Task: Write again exactly the lines in the listing below, starting at the line with "Once you have" and ending at the line with "Our staff will", both included. Pictures are not copied.

Provided data:
--- START ---

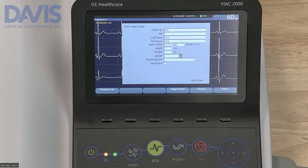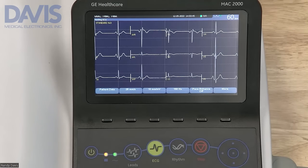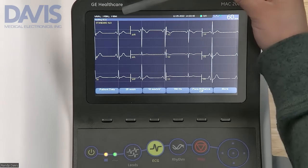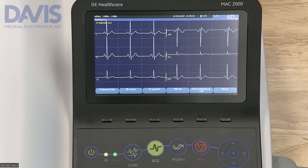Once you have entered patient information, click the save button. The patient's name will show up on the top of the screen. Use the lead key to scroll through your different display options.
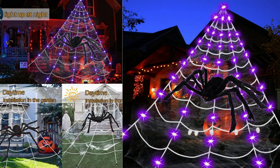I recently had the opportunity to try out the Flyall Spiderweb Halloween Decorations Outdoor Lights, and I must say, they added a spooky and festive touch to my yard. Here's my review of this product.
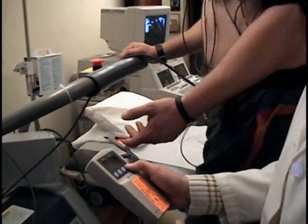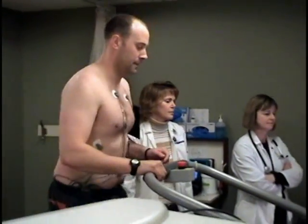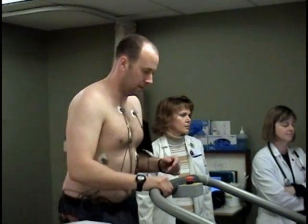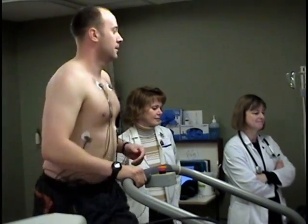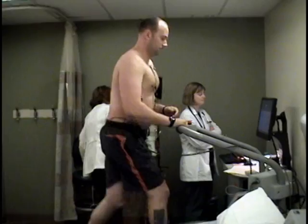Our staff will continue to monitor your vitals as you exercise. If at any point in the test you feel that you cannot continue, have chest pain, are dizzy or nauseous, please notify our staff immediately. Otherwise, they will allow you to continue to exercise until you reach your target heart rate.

--- END ---
--- START ---

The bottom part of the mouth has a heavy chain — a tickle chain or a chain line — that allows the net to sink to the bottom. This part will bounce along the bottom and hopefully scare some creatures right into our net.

--- END ---

Answer to the exercise:
Once you have entered patient information, click the save button. The patient's name will show up on the top of the screen. Use the lead key to scroll through your different display options.
I recently had the opportunity to try out the Flyall Spiderweb Halloween Decorations Outdoor Lights, and I must say, they added a spooky and festive touch to my yard. Here's my review of this product.
Our staff will continue to monitor your vitals as you exercise. If at any point in the test you feel that you cannot continue, have chest pain, are dizzy or nauseous, please notify our staff immediately. Otherwise, they will allow you to continue to exercise until you reach your target heart rate.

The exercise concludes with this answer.